→ **WHAT IS EXPECTED**: Would you return the listing that follows exactly, leaving its pictures behind?

→ **DATA EXCERPT**:
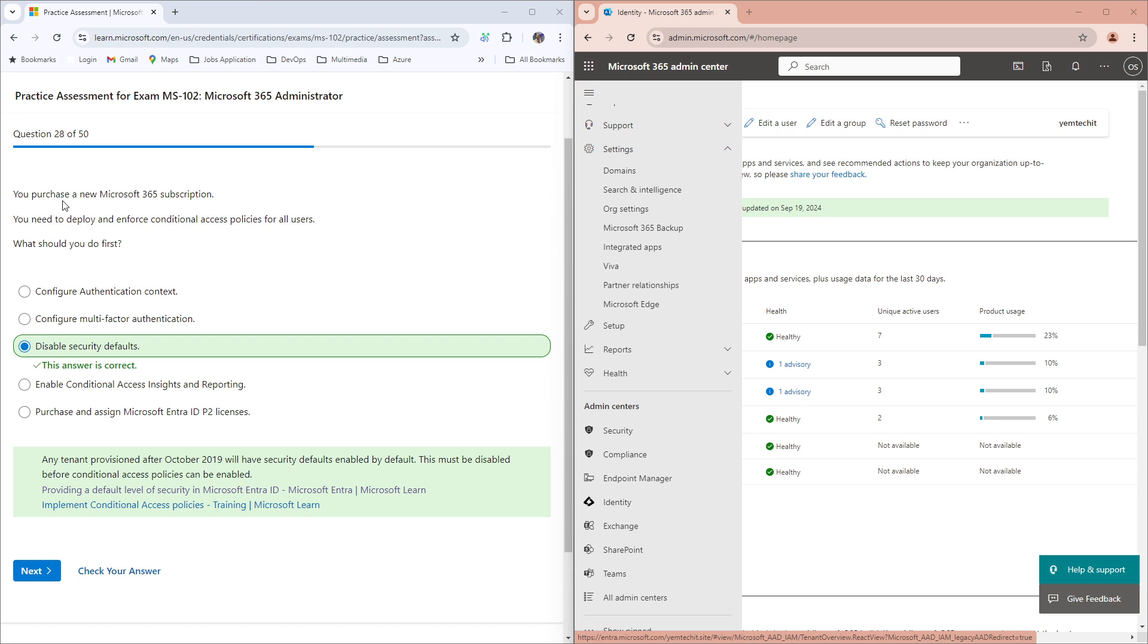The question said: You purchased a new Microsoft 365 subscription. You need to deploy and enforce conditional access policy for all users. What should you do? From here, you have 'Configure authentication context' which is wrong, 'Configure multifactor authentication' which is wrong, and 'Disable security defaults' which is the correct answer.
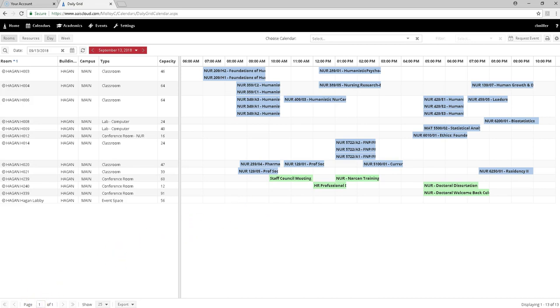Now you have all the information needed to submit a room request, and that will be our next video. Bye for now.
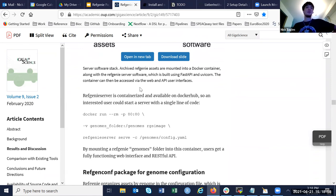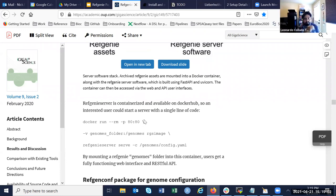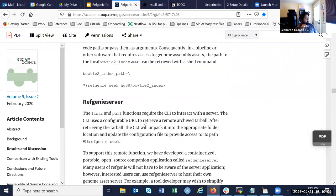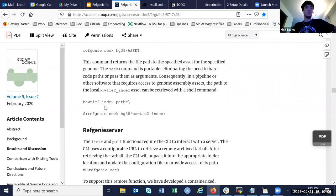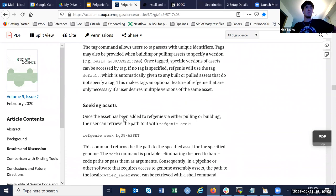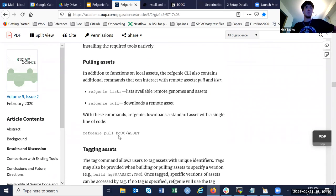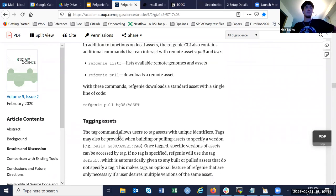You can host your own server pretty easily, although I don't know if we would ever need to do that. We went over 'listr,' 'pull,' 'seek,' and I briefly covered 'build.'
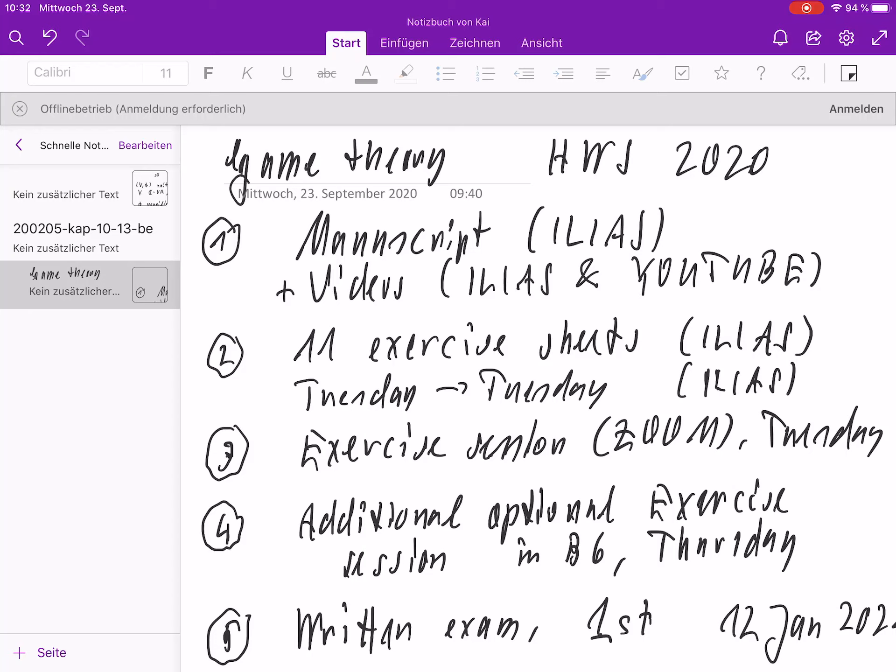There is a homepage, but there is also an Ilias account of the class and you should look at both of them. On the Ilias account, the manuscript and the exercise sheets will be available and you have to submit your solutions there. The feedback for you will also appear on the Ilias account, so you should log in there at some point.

→ **SOLUTION TO THIS PROBLEM**:
The question said: You purchased a new Microsoft 365 subscription. You need to deploy and enforce conditional access policy for all users. What should you do? From here, you have 'Configure authentication context' which is wrong, 'Configure multifactor authentication' which is wrong, and 'Disable security defaults' which is the correct answer.
Now you have all the information needed to submit a room request, and that will be our next video. Bye for now.
You can host your own server pretty easily, although I don't know if we would ever need to do that. We went over 'listr,' 'pull,' 'seek,' and I briefly covered 'build.'
There is a homepage, but there is also an Ilias account of the class and you should look at both of them. On the Ilias account, the manuscript and the exercise sheets will be available and you have to submit your solutions there. The feedback for you will also appear on the Ilias account, so you should log in there at some point.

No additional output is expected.